6 Frequently Asked Questions
This FAQ chapter includes a product overview, key components and features, deployment and administration details, and answers to common customer questions with resource links.
Product Overview
Growing security threats and ever-expanding privacy regulations have made it necessary to limit the exposure of sensitive data. Copying production data for non-production purposes such as development and data analytics proliferates sensitive data, expanding the security and compliance boundary and increasing the likelihood of data breaches. Oracle Data Masking and Subsetting provides a flexible solution that discovers, masks, and subsets sensitive data, allowing organizations to safely share data across their non-production environments.
What is Data Masking and Subsetting?
Data masking replaces sensitive data such as credit card numbers with fictitious yet realistic-looking data. Data subsetting is the process of retaining or extracting a selected portion of data from a larger database.
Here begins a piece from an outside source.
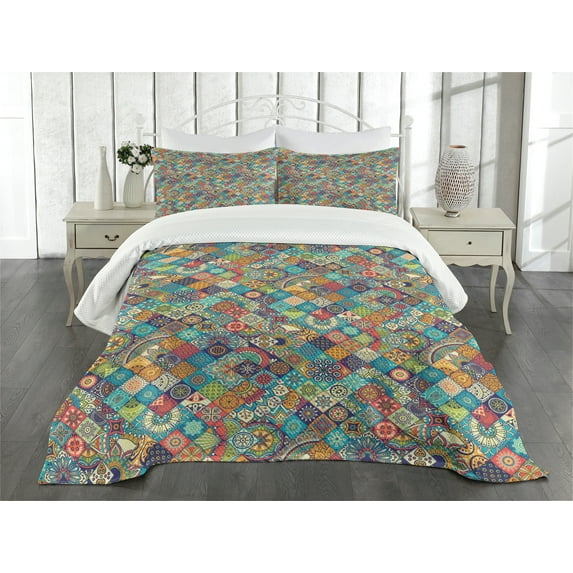 Ambesonne Moroccan Quilted Bedspread Set 3 Pcs, Oriental Motifs, King Size, Multicolor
Why do I need to mask and subset data?
Copying production data to non-production, outsourced, partner, and cloud environments for test, development, and other purposes proliferates sensitive information such as credit card numbers and social security numbers. This increases the risk of a data breach as non-production environments are generally not as protected or monitored as diligently as production environments. For this reason, data privacy standards such as PCI-DSS recommend rendering sensitive production data unreadable when used for test and development.
Subsetting extracts only the necessary information from a large database for sharing with internal and external teams, reducing the resources required to store and manage that data in test and development. Masking and subsetting sensitive data in non-production environments helps improve security and minimize compliance and infrastructure costs.
How does masking improve security and minimize compliance costs?
Masking sensitive data in test and development environments reduces the overall compliance boundary, restricting it to only production environments. Rendering masked data unreadable in these environments limits the risk of a data breach and helps minimize compliance costs.
Why are data masking and subsetting important for cloud computing?
Organizations understand the advantage of leveraging a cloud platform for test and development. However, they are concerned about uploading sensitive on-premises production data to the cloud because of data privacy and compliance reasons. Other concerns are the storage cost associated with the cloud platform and the network cost due to data transfers.
Oracle Data Masking and Subsetting addresses these concerns by enabling cloud users to mask sensitive data on-premises before uploading it to the cloud. The product helps reduce storage and network costs by extracting a subset of production data for upload to the cloud.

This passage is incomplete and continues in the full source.